== Work instructions ==
Write the data out again exactly, dropping any images it holds.

== Dataset content ==
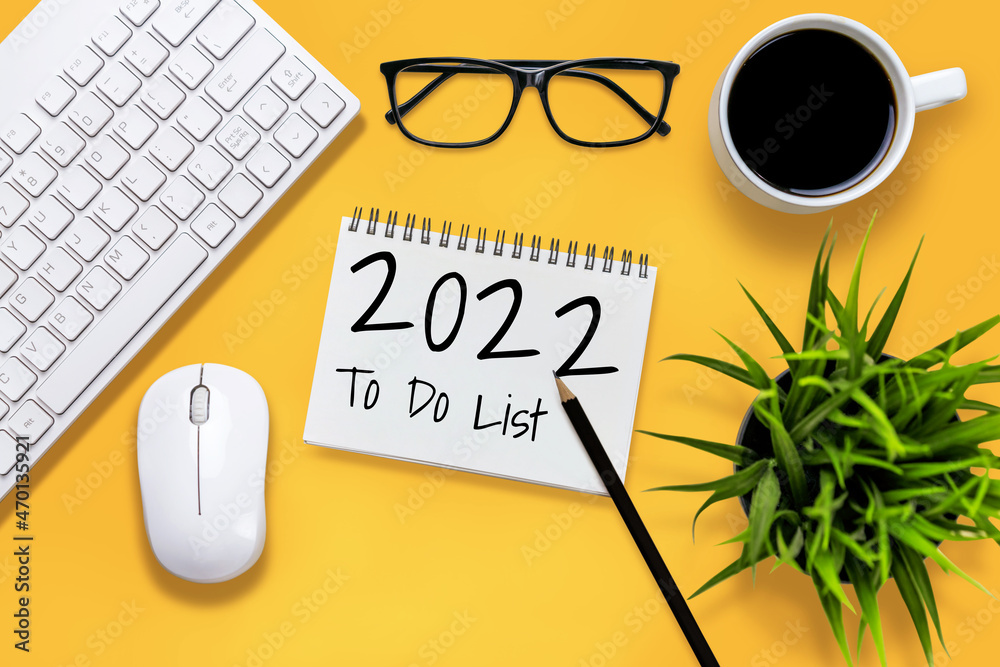 2022 Happy New Year Resolution Goal List and Plans Setting - Business office desk with notebook writ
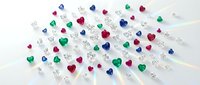Colorful heart-shaped gemstones and diamonds scattered on white surface for jewelry design, Valentine's Day decorations, and romantic crafts.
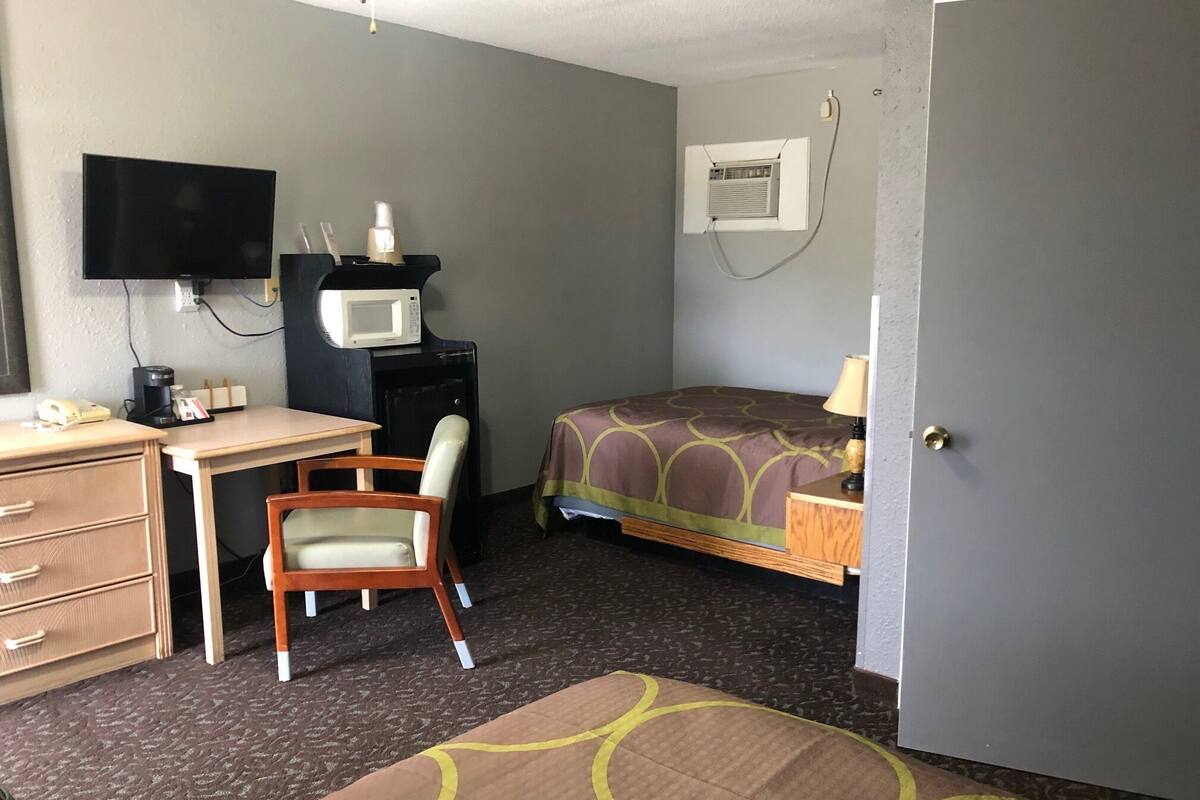 Une chambre d’hôtel équipée d’un lit, d’un bureau, d’une chaise, d’une télévision, d’un four à micro-ondes, d’une machine à café et d’une porte.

== Completed task ==
 2022 Happy New Year Resolution Goal List and Plans Setting - Business office desk with notebook writ
Colorful heart-shaped gemstones and diamonds scattered on white surface for jewelry design, Valentine's Day decorations, and romantic crafts.
 Une chambre d’hôtel équipée d’un lit, d’un bureau, d’une chaise, d’une télévision, d’un four à micro-ondes, d’une machine à café et d’une porte.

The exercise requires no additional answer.